-Ölüm var dediler, yine sevdik!-
O zamanlar lise 2. Sınıftaydım. İyi bir arkadaş ortamım vardı ama okul da çok tanınan biri değildim. Kendi halin de takılan bir kızdım.
Birgün okul çıkışı arkadaşlarımla okulun önünde duruyorduk. Sonra önümüze bir çocuk geldi. Ama sırtı bize dönük olduğu için yüzünü tam olarak göremiyordum. Aramızda kalabalığın etkisiyle çok az mesafe vardı. Dönse belki de yüz yüze gelecektik. Ve döndü de... O anı kesinlikle tarif edemem. Resmen tutuklu kaldım. Arkadaşlarım da benim bu durumumu fark ettiler. Çocukla göz göze geldik ama sadece iki saniye. Sonra önüne döndü ve arkadaşları gelince gittiler. O an fark ettim ki onu okul da ilk defa görüyorum.
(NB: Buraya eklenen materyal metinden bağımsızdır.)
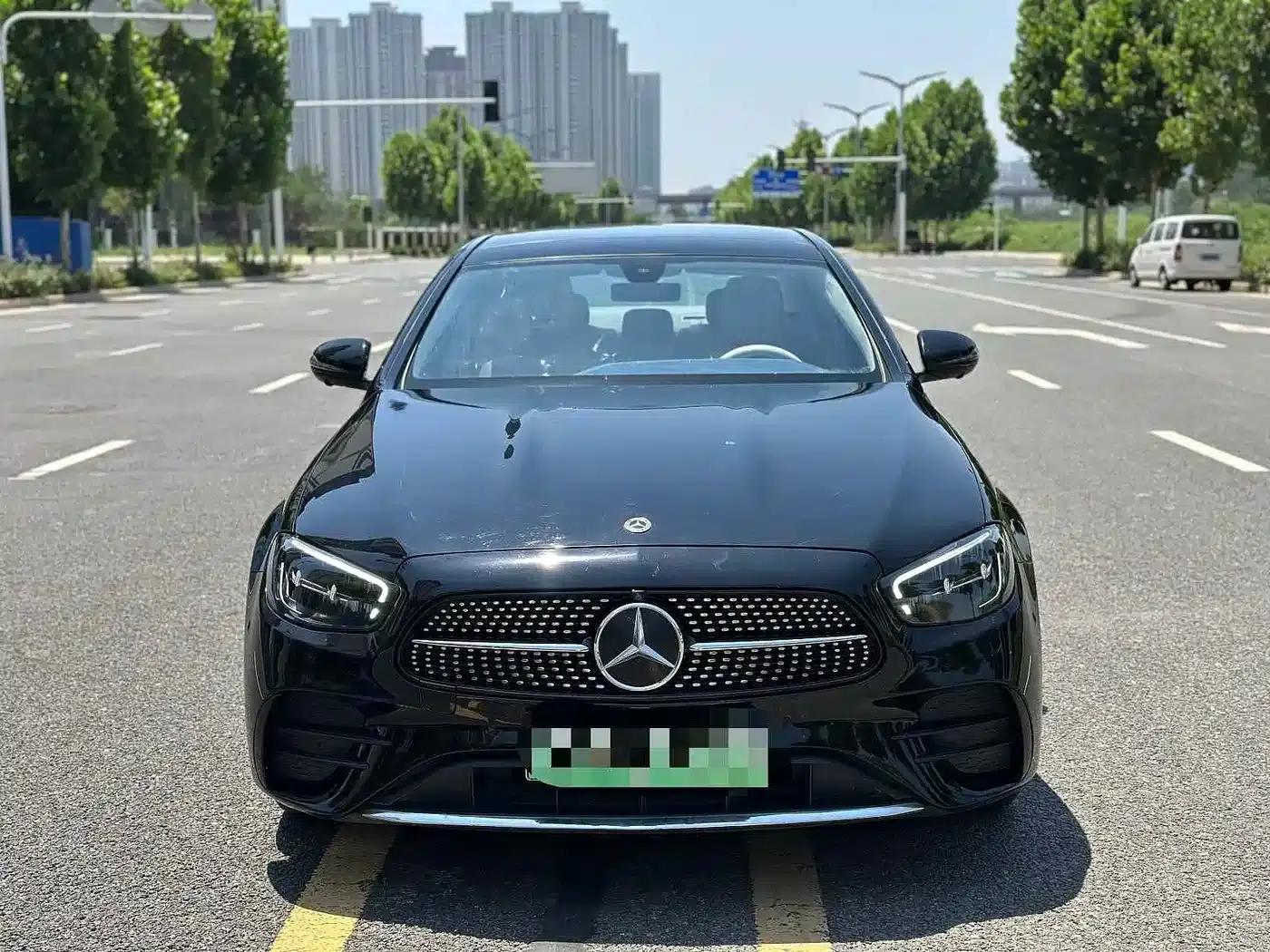 Mercedes-Benz E-Class PHEV 2023 E 350 e L Plug-in Hybrid Sports Sedan — миниатюра 2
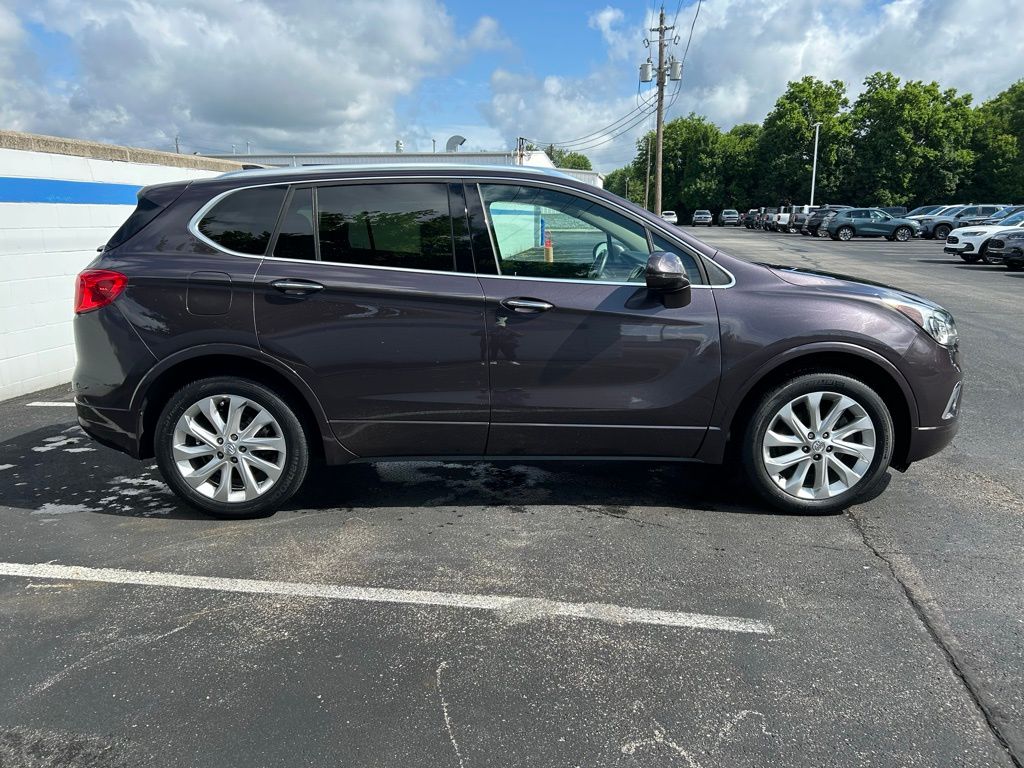 Vehicle image 4 of 34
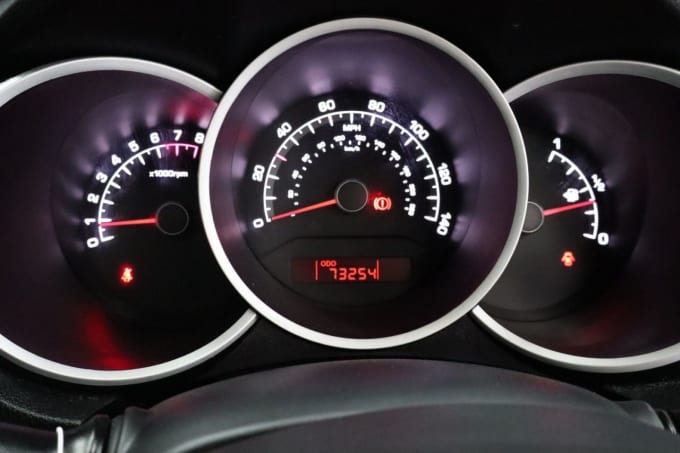 2025 Kia Venga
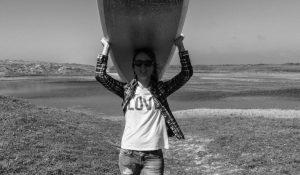 Justine Chiara, blogueuse de Girls On Waves et organisatrice d’événements pour toutes les femmes en Finistère qui lient le sport et l’océan avec l’association OCEAN GIRLZH, Tost Magazine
Aradan bir hafta geçti. Okul da onu bir daha göremedim. Arkadaşlarım vasıtasıyla kim olduğunu nasıl biri olduğunu buldum. Sınıftan hiç çıkmazmış, çünkü içine kapanık biriymiş. İlk iş olarak instagram hesabını bulup fotoğraflarına baktım.Gerçekten de yakışıklı biriydi. Ve o an bir karar aldım. Fake hesaptan yazıp onunla konuşucaktım. Yaptım da... Ona mesaj attım. Direk ondan hoşlandığımı açık açık söyledim. Oda bana hemen cevap verdi. Beni görmek istediğini söyledi. Bense buna hazır olmadığımı söyledim. Anlayışla karşıladı ve biz böyle uzun zaman konuştuk.
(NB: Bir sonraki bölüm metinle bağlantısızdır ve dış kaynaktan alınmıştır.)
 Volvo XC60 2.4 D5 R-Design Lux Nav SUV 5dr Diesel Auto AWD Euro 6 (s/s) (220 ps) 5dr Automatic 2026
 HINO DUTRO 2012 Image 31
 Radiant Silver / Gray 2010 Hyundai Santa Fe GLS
Aslında iyi bir insandı. Ama hayatı pek umursamıyordu. Kesinlikle sorunları vardı. Ama bunu bana- tanımadığı bir insana- anlatması beklenemezdi. Onunla konuşurken zaman hızlı geçiyordu. Telefonu nerdeyse hiç elimden bırakmıyordum. Ona sürekli kantine gel seni görmek istiyorum diyordum. Oda yapıyordu. Oraya gelip dakikalarca orada oturuyor , benim hangi kız olduğumu çözmeye çalışır gibi sürekli etrafına bakıyordu.
Ben 12. Sınıfa geçtiğim de oda mezun olmuştu. Bu geçen süre zarfında sürekli konuşmuştuk. Ama o mezun olduktan sonra bir anda konuşmayı kestik. Oda haklıydı. Kim tanımadığı bir insanla hergün, her an konuşmak isterdi ki?
Bende mezun olmuştum ve iyi bir bölüm kazanmıştım. Ama emreyi hala aklımdan çıkaramamıştım. Arkadaşlardan duğduğuma göre hala aynı yerde yaşıyordu. 20 yaşına geldiğim de bir karar aldım ve emreye kendi hesabımdan mesaj atıp yıllar önce ki o kız olduğumu söyledim. Emrenin hesabı hala aynıydı. Ama çoğu fotoğrafı silinmişti ve yeniye ait hiç fotoğrafı yoktu.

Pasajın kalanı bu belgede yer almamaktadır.